* **Problem description**: Everything from the line that contains "Alcudia: 3-hour Speedboat" to the final line of the data, both ends included, must be set down exactly, apart from the pictures.

* **Recorded information**:

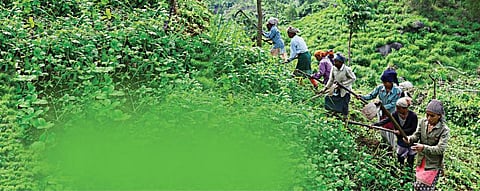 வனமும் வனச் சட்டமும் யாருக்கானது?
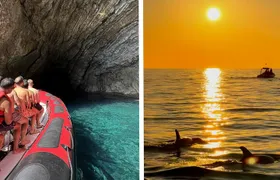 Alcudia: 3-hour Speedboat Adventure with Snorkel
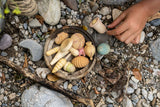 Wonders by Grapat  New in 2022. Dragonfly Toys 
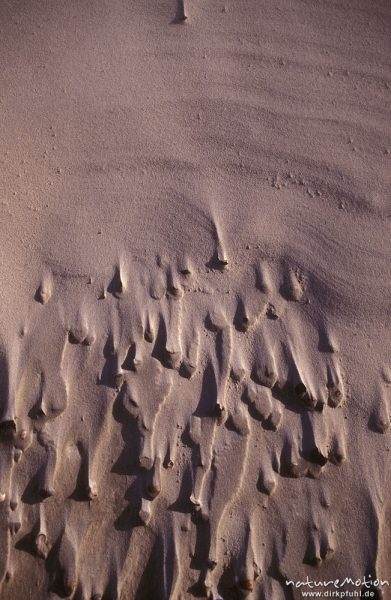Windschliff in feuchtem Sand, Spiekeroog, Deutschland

* **Reply**:
 Alcudia: 3-hour Speedboat Adventure with Snorkel
 Wonders by Grapat  New in 2022. Dragonfly Toys 
Windschliff in feuchtem Sand, Spiekeroog, Deutschland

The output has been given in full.